## Task brief
Please give back, exactly as written, the lines from the line with "White burgundy kitchen in the interior" to the line with "tw-11134207-7r98q-lyuk5e9kzv9005" in the listing below, leaving out all pictures.

## Provided data
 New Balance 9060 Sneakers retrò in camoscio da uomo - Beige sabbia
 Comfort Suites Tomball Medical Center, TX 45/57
---
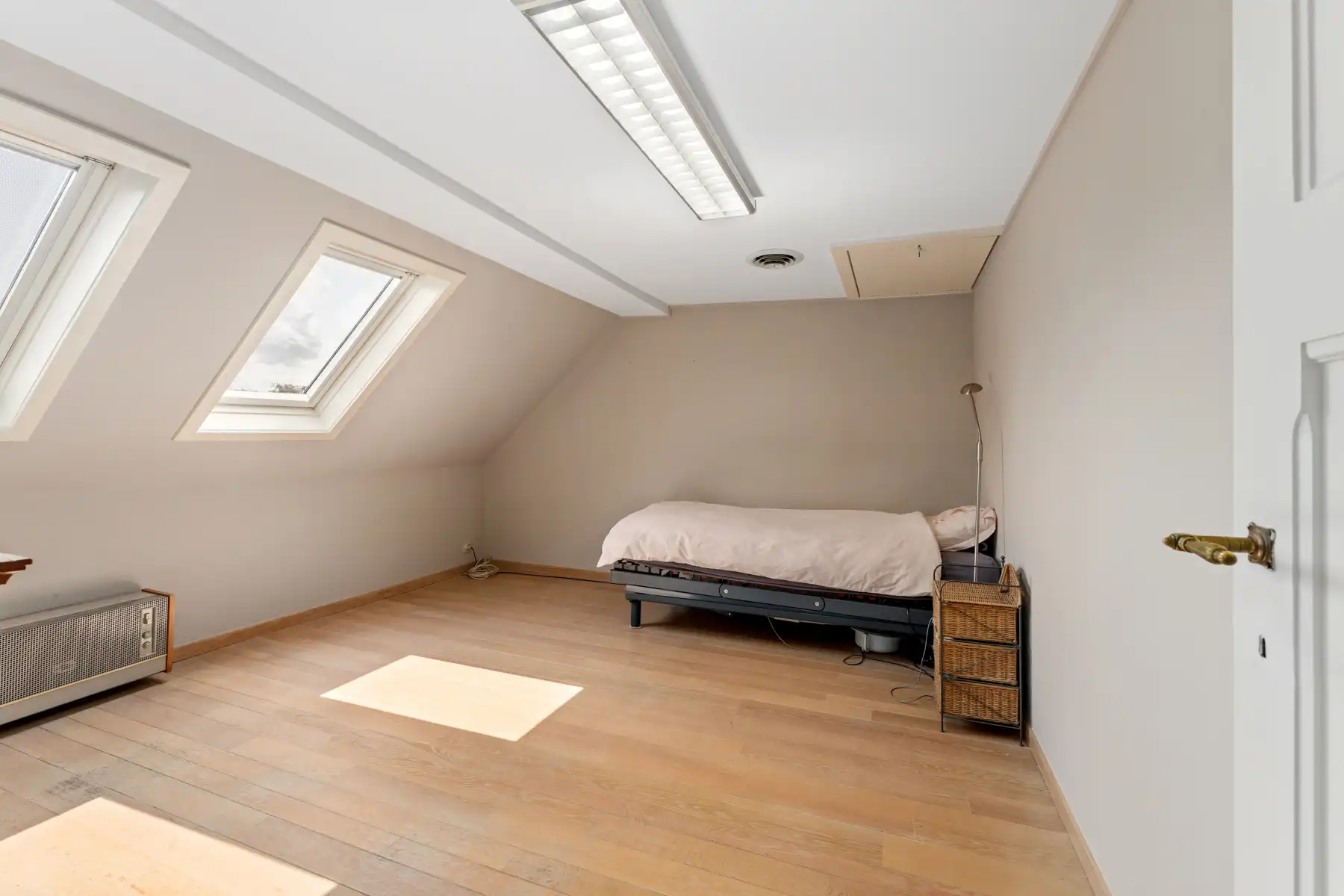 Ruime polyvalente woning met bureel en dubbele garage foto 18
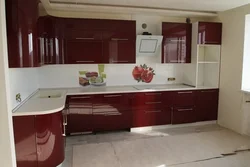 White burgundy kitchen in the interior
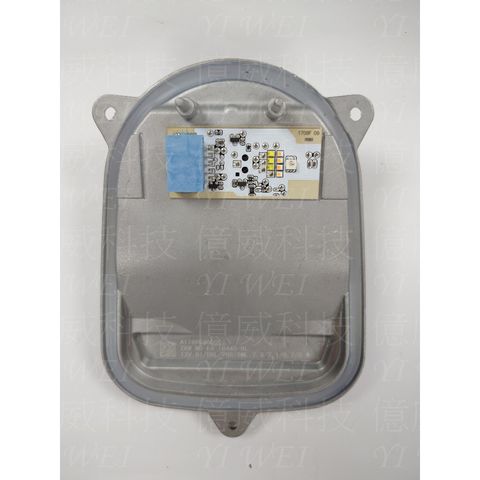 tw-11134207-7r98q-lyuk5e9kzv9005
* * *
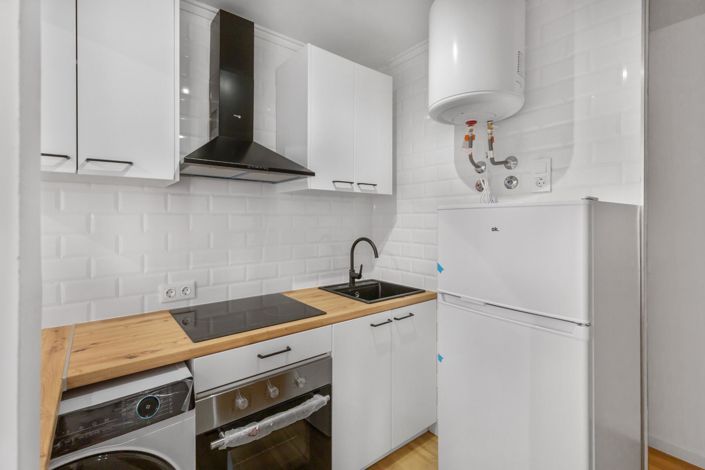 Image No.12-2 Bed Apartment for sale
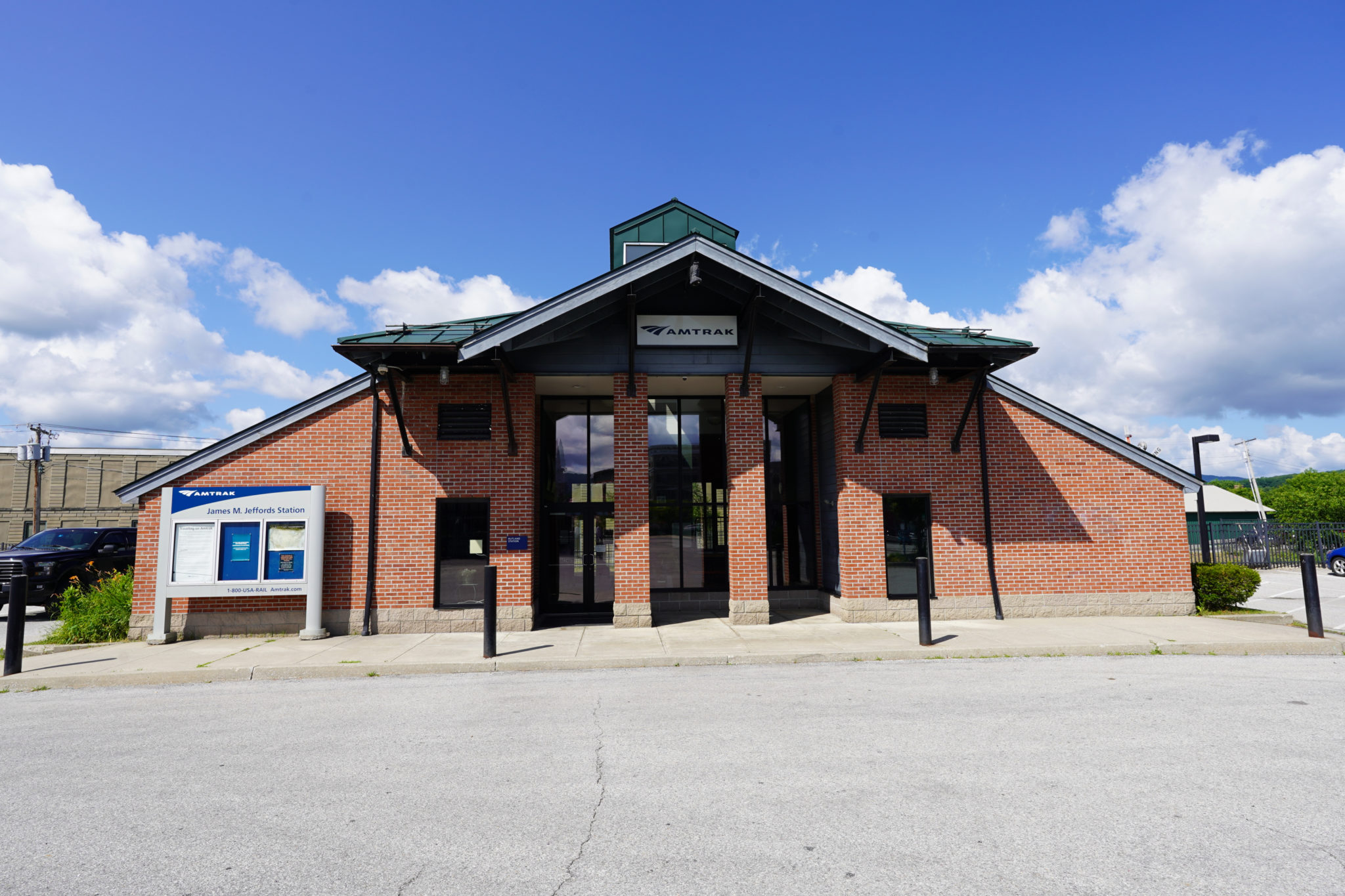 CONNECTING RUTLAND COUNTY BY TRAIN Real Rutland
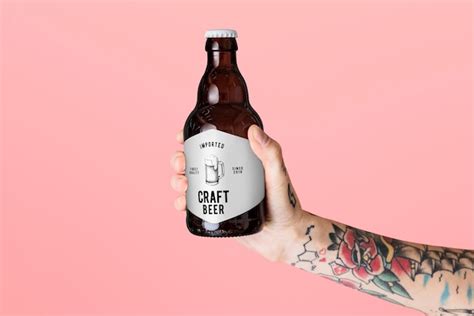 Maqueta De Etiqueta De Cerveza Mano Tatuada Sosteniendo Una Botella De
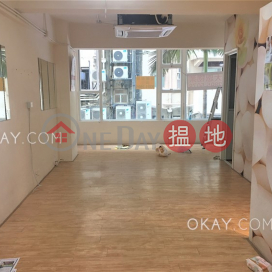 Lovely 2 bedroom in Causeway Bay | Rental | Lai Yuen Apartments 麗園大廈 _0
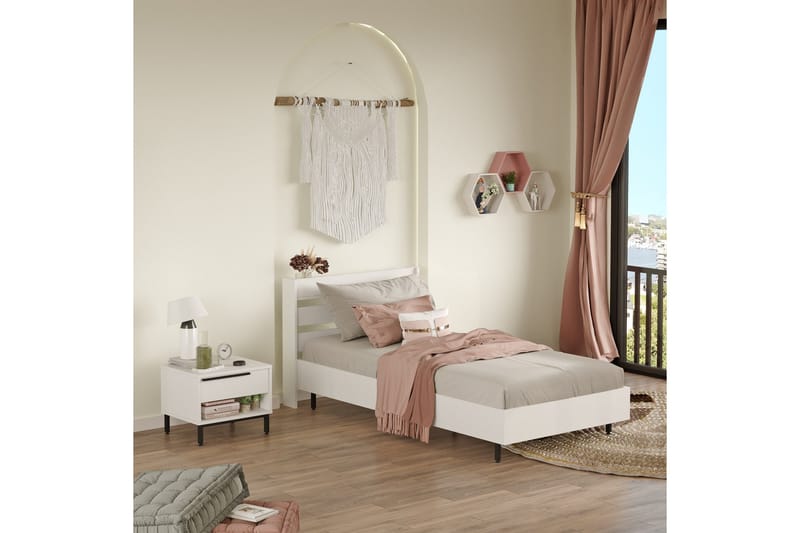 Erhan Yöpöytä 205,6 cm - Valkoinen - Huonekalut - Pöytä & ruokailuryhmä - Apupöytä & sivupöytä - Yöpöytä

## Task result
 White burgundy kitchen in the interior
 tw-11134207-7r98q-lyuk5e9kzv9005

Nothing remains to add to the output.